The Archaeology of Empires (G6060) will provide intensive reading on the archaeology of these empires, with the occasional addition of 16th century Vijayanagara, India. It is expected that students taking the course will have a certain familiarity with ancient empires and thus will be extending the depth of their studies through comparison with regions with which they are not familiar, since archaeological study often grants a markedly different view of the nature of life and power relations than does documentary evidence. As there is an immense literature on the archaeology of empires, the class discussions will only be able to draw selectively from the literature on specific topics. The course will be built around case study comparisons, based on the core literature included in the attached syllabus. An additional bibliography of some 3,000 works on these empires will also be made available.
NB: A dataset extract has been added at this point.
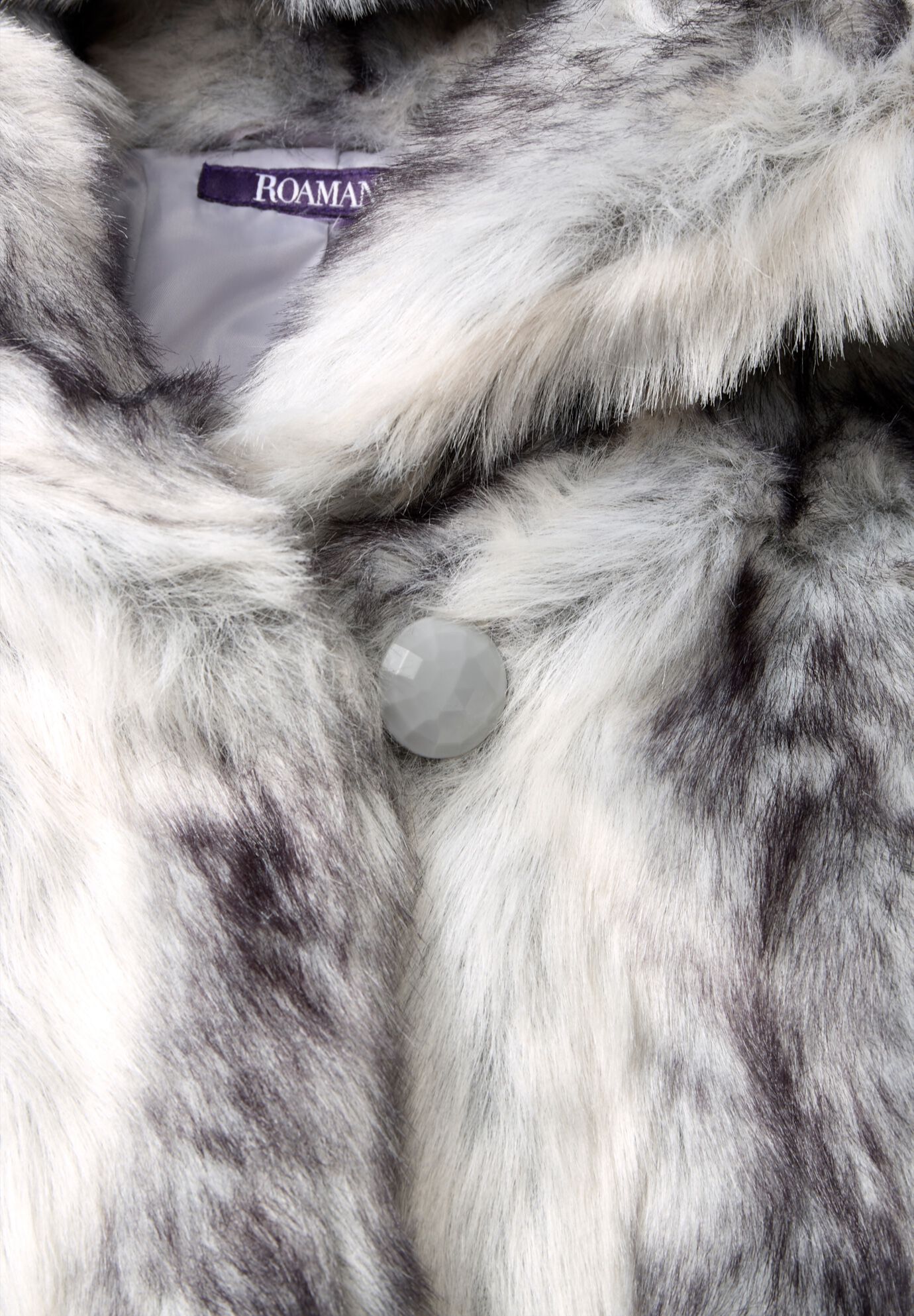 Full fur hooded coat online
The course takes the perspective that empires are better understood as intersecting networks of power than as well-ordered polities. They are characterized by a host of interests, some constituted as formal institutions and some as ephemeral coalitions that pass as conditions change. A great deal of the literature on ancient empires is concerned with royalty and the practice of power at a grand scale. The complexity of the ethnic, sociopolitical, cultural, and economic composition of empires implies, however, that the local effects of imperial expansion will vary substantially with respect to both the incorporated peoples and the front line members of the expansionist polities. As a result, the imperial presence appears quite different depending on where one looks for evidence. Balanced study of the early empires must thus concern both the grand and the quotidian, since the nature of life for a vast proportion of imperial subjects revolved around family, kin, and making a living. The latter are hardly the stuff of monumental inscriptions, but their consequences produced the bulk of the material record in the societies that we study.
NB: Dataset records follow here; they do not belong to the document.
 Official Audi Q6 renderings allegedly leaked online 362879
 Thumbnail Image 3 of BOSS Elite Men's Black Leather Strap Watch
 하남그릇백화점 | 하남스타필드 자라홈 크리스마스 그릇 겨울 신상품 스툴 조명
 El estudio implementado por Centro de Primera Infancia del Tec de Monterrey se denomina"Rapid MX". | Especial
The topics that have been chosen for the course thus attempt to provide a representative cross-section of life in ancient empires through case studies that draw attention to the evidentiary basis for our analysis of the polities discussed here. The readings underscore that our analyses depend on intersecting lines of evidence from different sources - historical, monumental, dynastic, numismatic, and archaeological. Through readings an discussions, the students will have the opportunity to think about how we can effectively study the most expansive of the ancient polities through the conjunction of different sources of information.

The scope of the literature and the polities themselves makes comparative analysis a daunting task, but too frequently students and researchers working in one empire or another work in a self-referential context. The premise underlying this course is that we can better explain the nature and trajectory of any given empire through comparative study, so that we understand what is historically contingent, idiosyncratic to a given empire, or a product of circumstances common to expansionist polities.

The attached syllabus contains 18 topics that potentially can be covered in the course. The intent is to treat 13 of the topics and two or three cases (e.g., Rome, Aztecs, Inkas) per topic, the choice depending on the interests and backgrounds of the students.